Print exactly the lines that run from the one containing "2561 Donna Drive" to the final line of the data, both included, and print none of the pictures.
*****
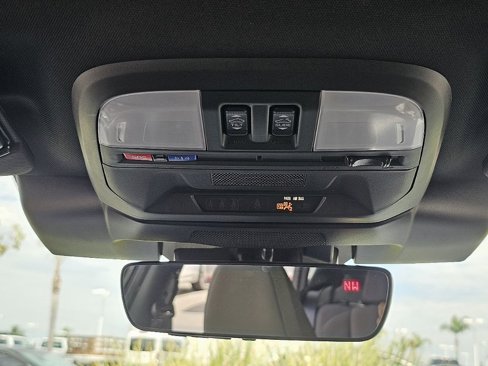 Certified 2025 Subaru Crosstrek 2.5i Sport w/ Crosstrek Mirror Package image 26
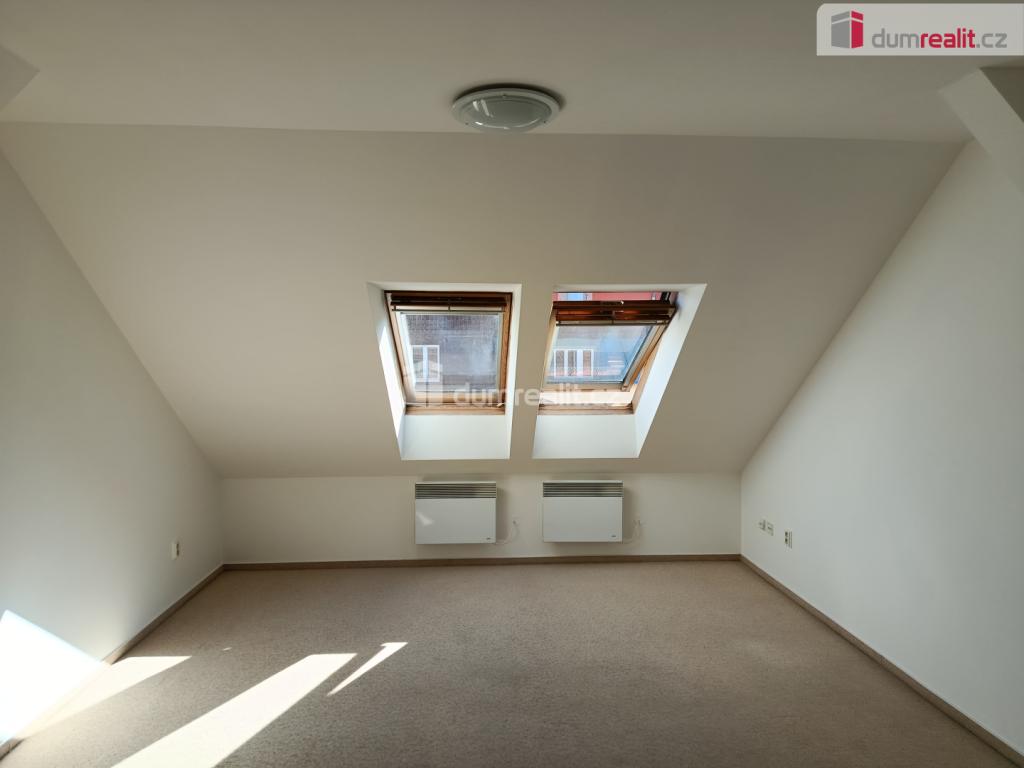 Pronájem bytu 1+kk 26 m2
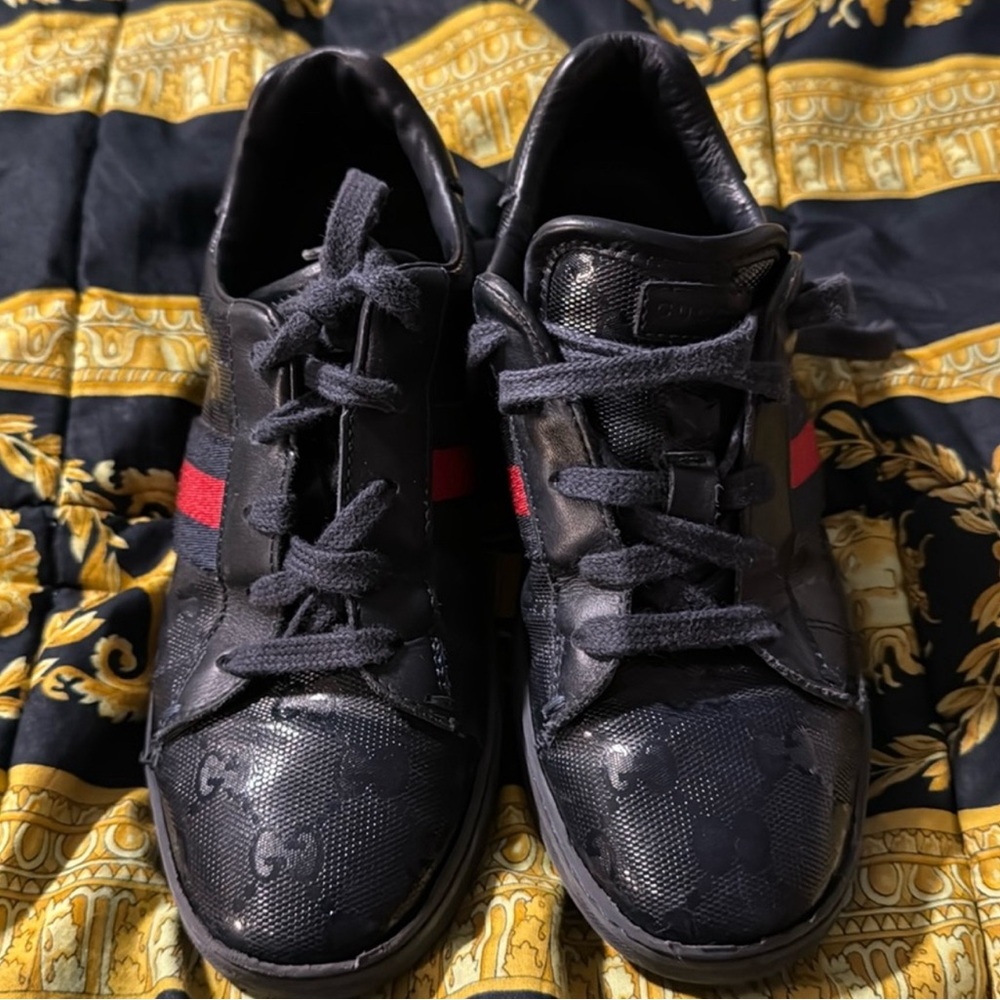 Boys shoes
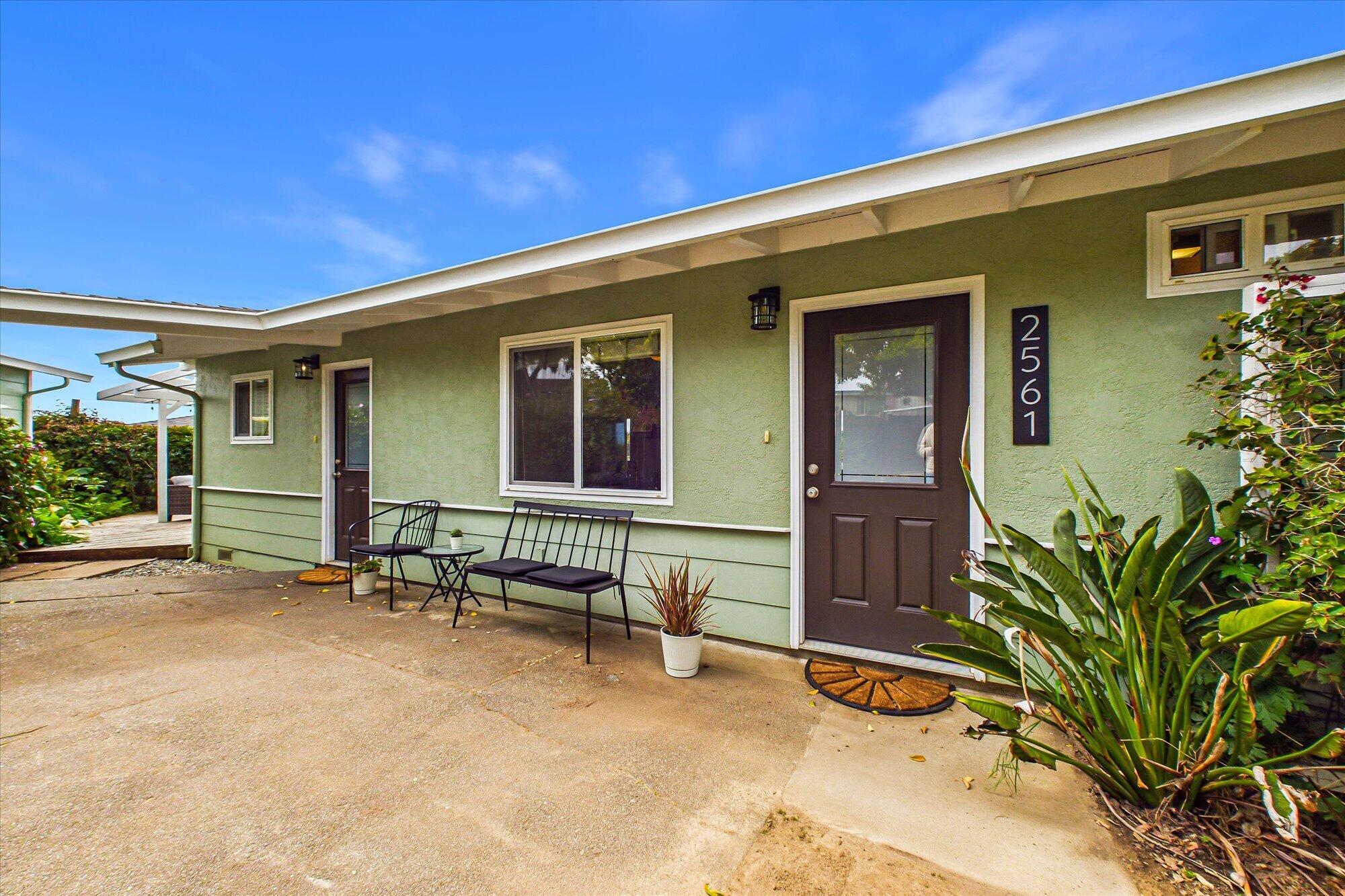 2561 Donna Drive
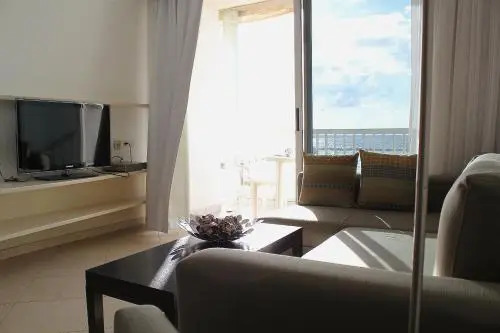 Trumpeldor Beach Front in Nice Building-Unit34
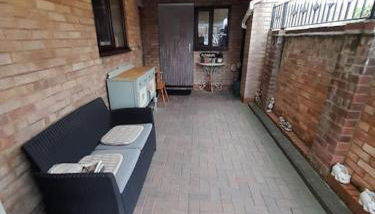 Spacious, self-contained annex in Stratford - Foto 3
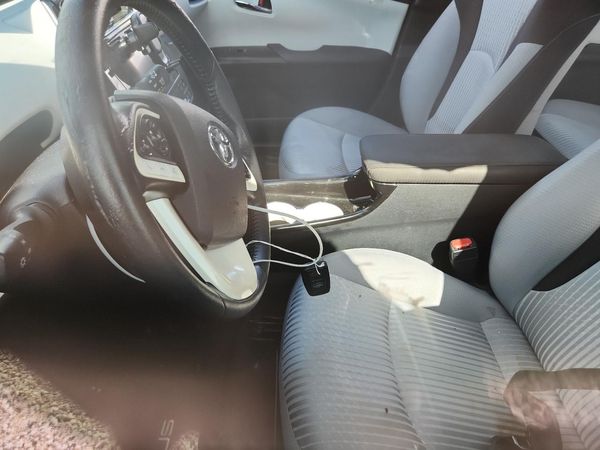 2016 TOYOTA PRIUS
*****
## RESPONSE TO THE TASK:
 2561 Donna Drive
 Trumpeldor Beach Front in Nice Building-Unit34
 Spacious, self-contained annex in Stratford - Foto 3
 2016 TOYOTA PRIUS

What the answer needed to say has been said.